__How to complete this task__: Retype each record exactly; no pictures.

__Extracted material__:
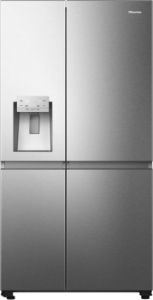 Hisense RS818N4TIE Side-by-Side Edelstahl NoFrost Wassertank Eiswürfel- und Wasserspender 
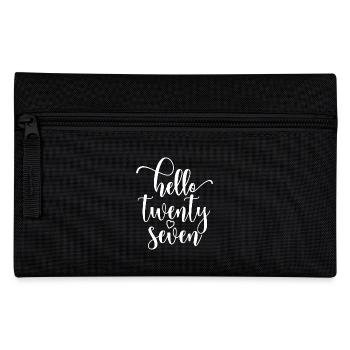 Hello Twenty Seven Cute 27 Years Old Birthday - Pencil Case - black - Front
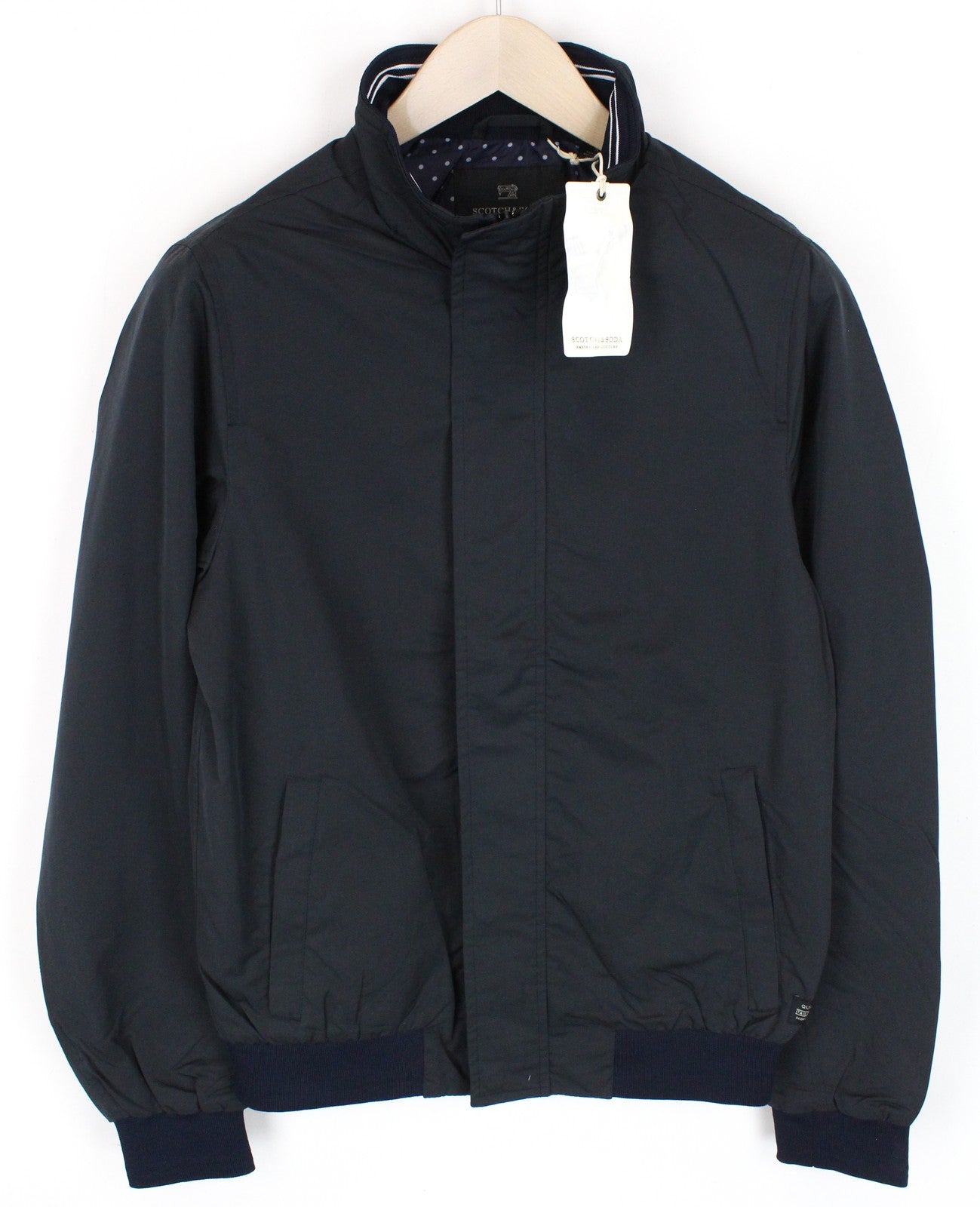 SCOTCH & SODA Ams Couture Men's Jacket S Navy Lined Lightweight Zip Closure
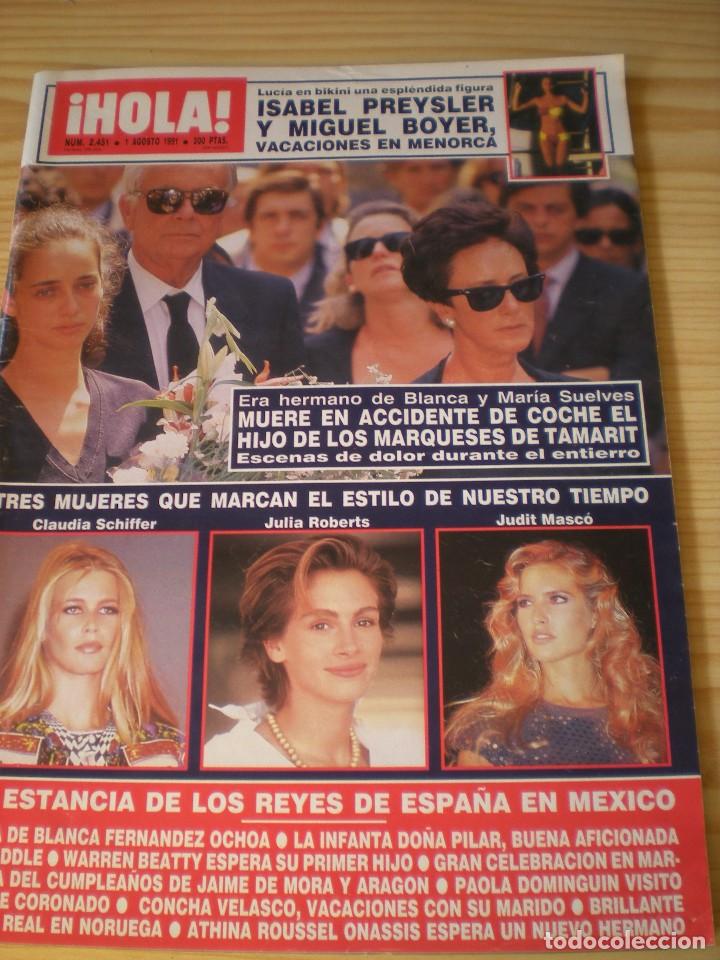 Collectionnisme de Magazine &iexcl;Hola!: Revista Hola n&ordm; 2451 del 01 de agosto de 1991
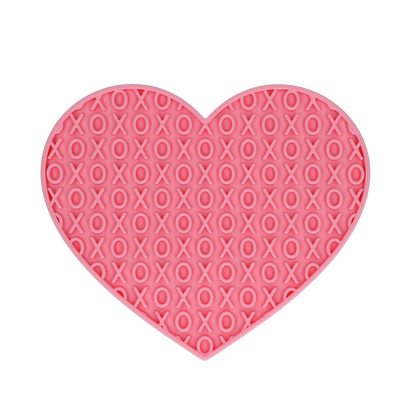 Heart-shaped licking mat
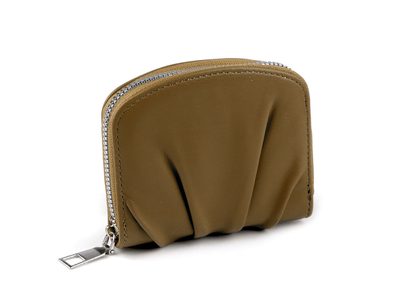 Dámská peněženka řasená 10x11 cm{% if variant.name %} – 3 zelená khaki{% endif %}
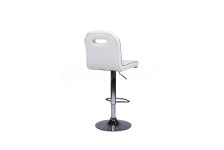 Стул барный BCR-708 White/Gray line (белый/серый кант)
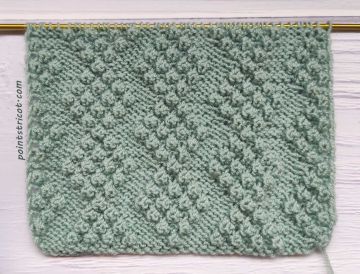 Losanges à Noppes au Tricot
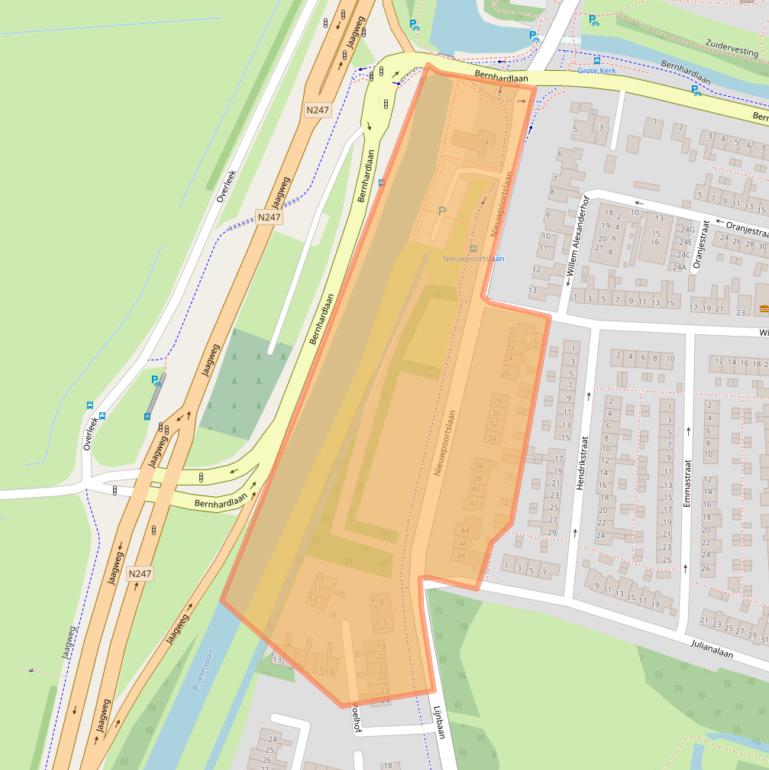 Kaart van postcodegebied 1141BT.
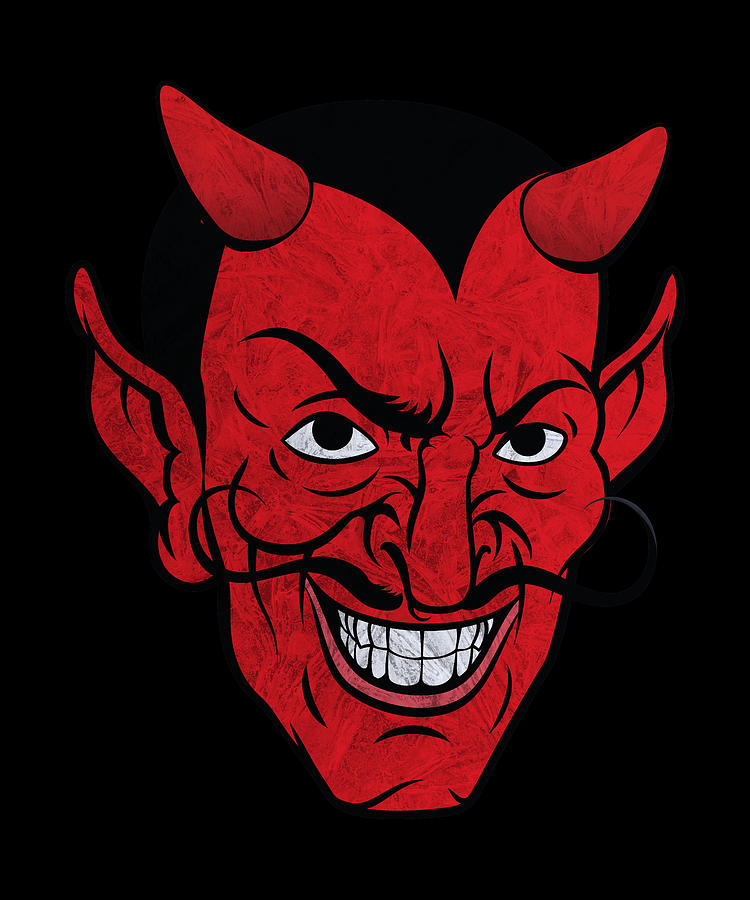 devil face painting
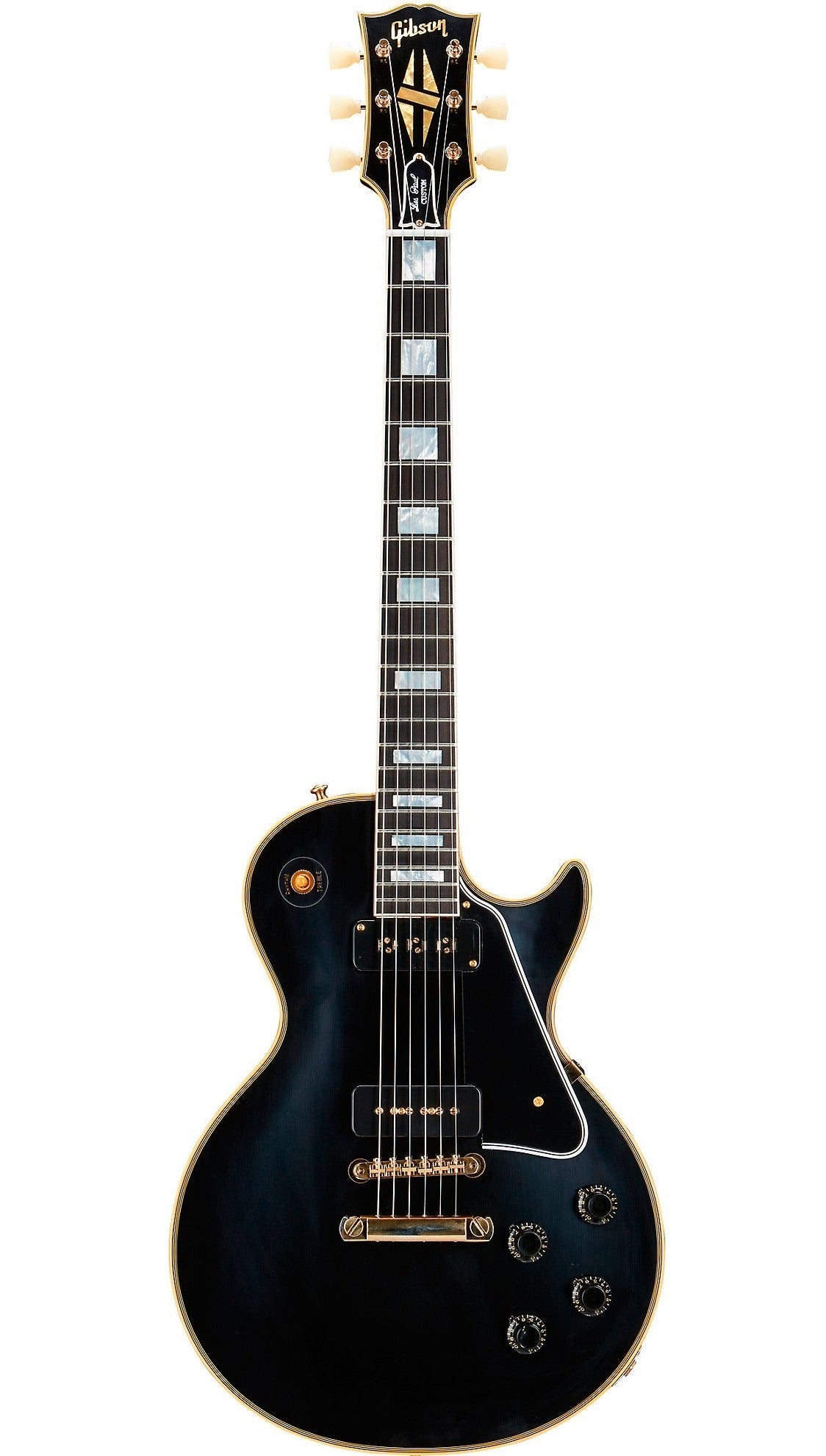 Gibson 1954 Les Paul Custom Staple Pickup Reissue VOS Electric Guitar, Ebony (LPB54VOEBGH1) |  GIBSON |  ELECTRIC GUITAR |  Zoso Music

__Task output__:
 Hisense RS818N4TIE Side-by-Side Edelstahl NoFrost Wassertank Eiswürfel- und Wasserspender 
 Hello Twenty Seven Cute 27 Years Old Birthday - Pencil Case - black - Front
 SCOTCH & SODA Ams Couture Men's Jacket S Navy Lined Lightweight Zip Closure
 Collectionnisme de Magazine &iexcl;Hola!: Revista Hola n&ordm; 2451 del 01 de agosto de 1991
 Heart-shaped licking mat
 Dámská peněženka řasená 10x11 cm{% if variant.name %} – 3 zelená khaki{% endif %}
 Стул барный BCR-708 White/Gray line (белый/серый кант)
 Losanges à Noppes au Tricot
 Kaart van postcodegebied 1141BT.
 devil face painting
 Gibson 1954 Les Paul Custom Staple Pickup Reissue VOS Electric Guitar, Ebony (LPB54VOEBGH1) |  GIBSON |  ELECTRIC GUITAR |  Zoso Music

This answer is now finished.